Australian Vintage’s interim financial report for FY25 reflected “early progress” in turning the winemaker’s fortunes around, CEO Craig Garvin said. He also took the opportunity to launch Poco Vino, saying the format-based wine will create a new category in the wine industry.
The company had a turbulent 2024. Merger talks with Accolade Wines fell over after Accolade’s bid to restructure its largest grape supply contract was unsuccessful, which triggered AV to enter a trading halt as it put together a heavily discounted capital raise, debt refinancing, and trading update.
In May it told the ASX it expected its debt at the end of FY24 to be between $70-75 million when its guidance had been $43-50 million.
When it resumed trading in June, its market capitalisation almost halved.
Garvin was dismissed in May for “lack of judgement” and then reappointed in October after the entire board had been replaced.
Garvin said 1H25 results represented, “early progress in restoring shareholder value, balancing cost discipline with targeted investments for sustainable growth, with positive cash flow, reduced debt and accelerated brand growth as key measures”.
“These results highlight that Australian Vintage is an agile industry leader with innovation as a core capability. We are focused on delivering profitable growth while maintaining strong cash flow control,” he said.
Cost controls and operational efficiencies had delivered an 80 per cent improvement in operating cash flow.

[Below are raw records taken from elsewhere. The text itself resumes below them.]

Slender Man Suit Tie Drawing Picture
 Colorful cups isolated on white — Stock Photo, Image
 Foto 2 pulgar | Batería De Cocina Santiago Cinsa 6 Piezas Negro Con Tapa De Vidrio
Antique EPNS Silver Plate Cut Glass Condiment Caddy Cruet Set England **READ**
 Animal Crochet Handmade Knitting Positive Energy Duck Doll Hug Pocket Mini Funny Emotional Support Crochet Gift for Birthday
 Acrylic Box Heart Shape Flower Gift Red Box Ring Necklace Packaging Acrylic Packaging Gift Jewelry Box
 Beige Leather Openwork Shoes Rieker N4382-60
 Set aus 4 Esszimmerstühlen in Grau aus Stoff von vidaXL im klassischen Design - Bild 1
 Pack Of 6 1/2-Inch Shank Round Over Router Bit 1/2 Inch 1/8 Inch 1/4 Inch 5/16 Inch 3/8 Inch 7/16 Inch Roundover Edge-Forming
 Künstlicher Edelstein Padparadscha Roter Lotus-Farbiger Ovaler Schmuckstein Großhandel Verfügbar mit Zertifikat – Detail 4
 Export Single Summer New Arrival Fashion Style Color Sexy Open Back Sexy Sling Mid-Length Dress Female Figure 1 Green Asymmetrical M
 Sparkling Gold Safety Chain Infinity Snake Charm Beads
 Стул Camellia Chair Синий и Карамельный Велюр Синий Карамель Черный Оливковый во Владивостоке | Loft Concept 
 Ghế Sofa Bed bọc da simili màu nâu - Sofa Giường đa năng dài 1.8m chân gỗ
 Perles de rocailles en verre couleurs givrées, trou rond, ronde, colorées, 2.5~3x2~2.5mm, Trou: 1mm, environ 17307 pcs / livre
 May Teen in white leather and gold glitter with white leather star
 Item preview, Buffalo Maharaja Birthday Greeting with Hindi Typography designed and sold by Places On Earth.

Its normalised total cash outflow was $(8) million, an $11 million improvement on the prior corresponding period (pcp) and its best performance in four years.
Operating cash outflow was $(2) million, the lowest in four years with 1H25’s cash outflow including two thirds of grower payments impacting the seasonality of AV’s cash flows.
Brand sales were 80 per cent of total revenue compared to 65 per cent in FY20 and expected to grow further as its Barossa Valley Wine Company set to relaunch into the Asia market.
McGuigan Zero is the #1 NoLo brand in the UK, and growing ahead of the category, recording 20 per cent growth. McGuigan Mid is leading the mid-category in the UK, Garvin said.
Premiumisation and innovation now count for 26 per cent of revenue and 37 per cent of margin – compared to seven and nine per cent in FY19.
While 2024 was bruising, AV maintained its program of product innovation and sustainability measures. It launched CTZN, a wine created using AI and designed to “push the boundaries of how AI can influence the world, moving beyond usage in just design, advertising, or packaging”.
Lemsecco, a ready-to-drink spritz, and Tempus One Peach were also launched.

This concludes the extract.